■ DATA TO USE:
┄┄┄┄┄┄
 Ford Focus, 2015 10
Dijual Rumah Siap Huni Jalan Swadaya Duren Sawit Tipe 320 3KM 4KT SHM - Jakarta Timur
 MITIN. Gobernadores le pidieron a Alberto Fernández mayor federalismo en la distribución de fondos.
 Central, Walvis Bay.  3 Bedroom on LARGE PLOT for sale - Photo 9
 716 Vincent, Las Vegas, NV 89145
┄┄┄┄┄┄
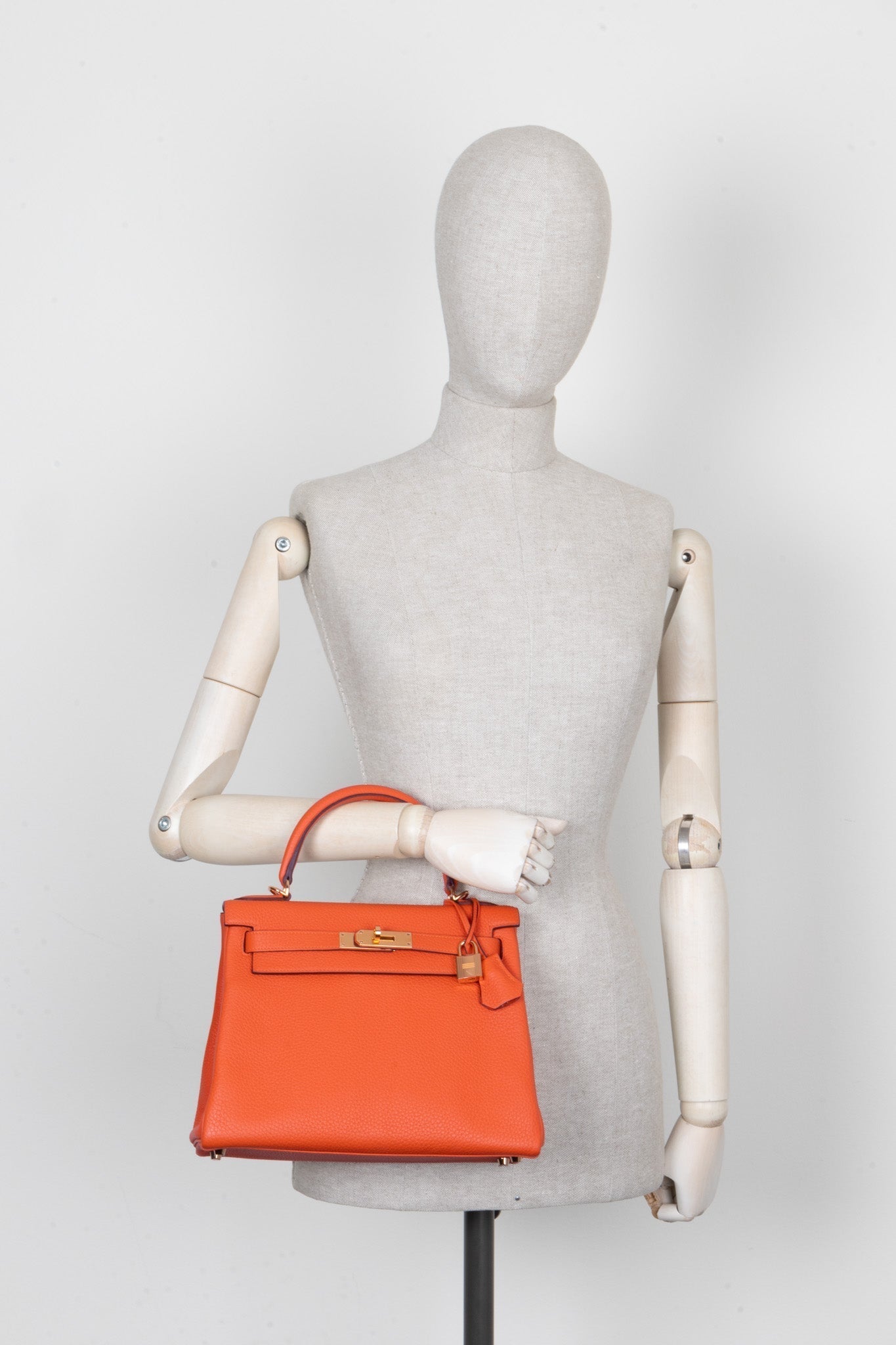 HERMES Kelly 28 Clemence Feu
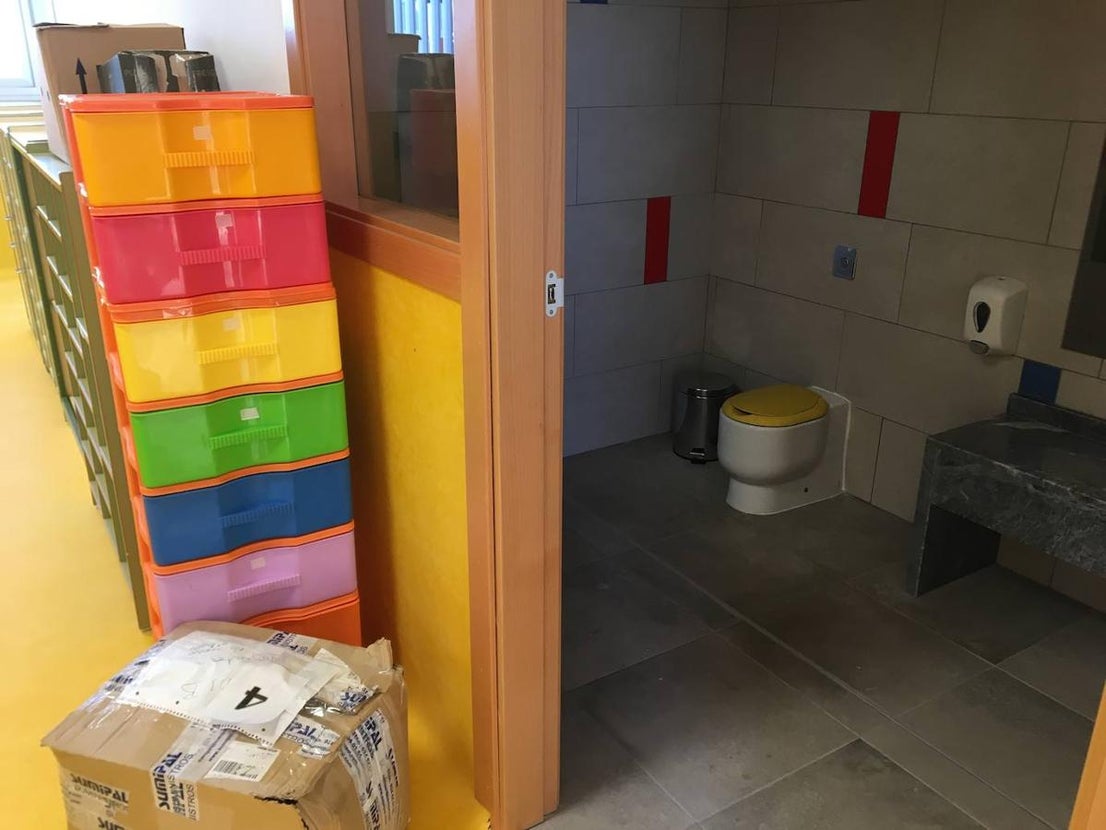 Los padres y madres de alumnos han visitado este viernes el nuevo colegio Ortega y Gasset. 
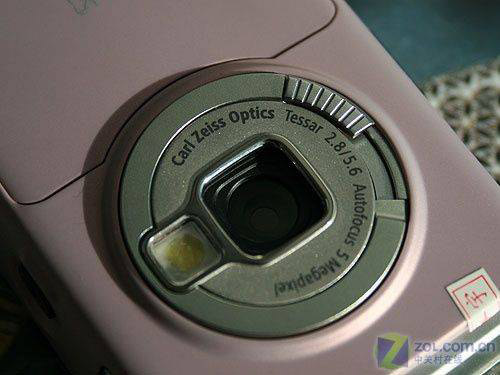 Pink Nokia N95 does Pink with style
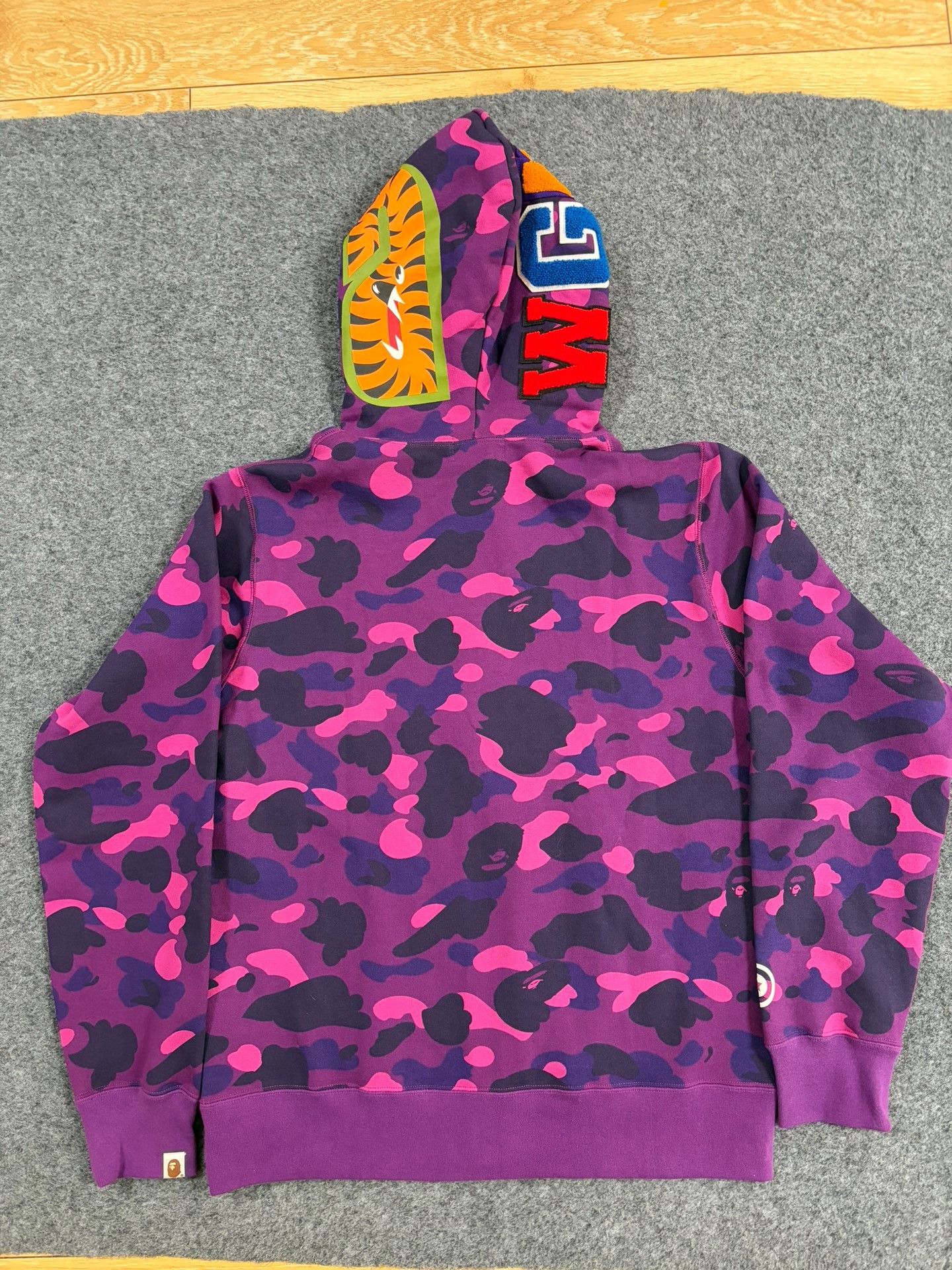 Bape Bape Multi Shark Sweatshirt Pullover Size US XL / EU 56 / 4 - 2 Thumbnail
┄┄┄┄┄┄
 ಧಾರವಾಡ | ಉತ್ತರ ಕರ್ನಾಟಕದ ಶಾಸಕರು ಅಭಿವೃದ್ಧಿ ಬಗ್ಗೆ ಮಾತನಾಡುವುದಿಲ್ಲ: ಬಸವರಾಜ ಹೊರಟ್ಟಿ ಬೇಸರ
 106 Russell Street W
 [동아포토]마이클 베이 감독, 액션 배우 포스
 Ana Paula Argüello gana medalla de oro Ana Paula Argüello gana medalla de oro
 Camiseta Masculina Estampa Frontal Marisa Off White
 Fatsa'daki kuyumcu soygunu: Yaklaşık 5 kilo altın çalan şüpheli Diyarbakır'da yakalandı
┄┄┄┄┄┄
■ REQUIRED ACTION:
Beginning with the line holding "Pink Nokia N95 does Pink with style" in the material above, restate word for word each line through the line holding "Bape Bape Multi", and exclude pictures.

■ RESPONSE:
 Pink Nokia N95 does Pink with style
 Bape Bape Multi Shark Sweatshirt Pullover Size US XL / EU 56 / 4 - 2 Thumbnail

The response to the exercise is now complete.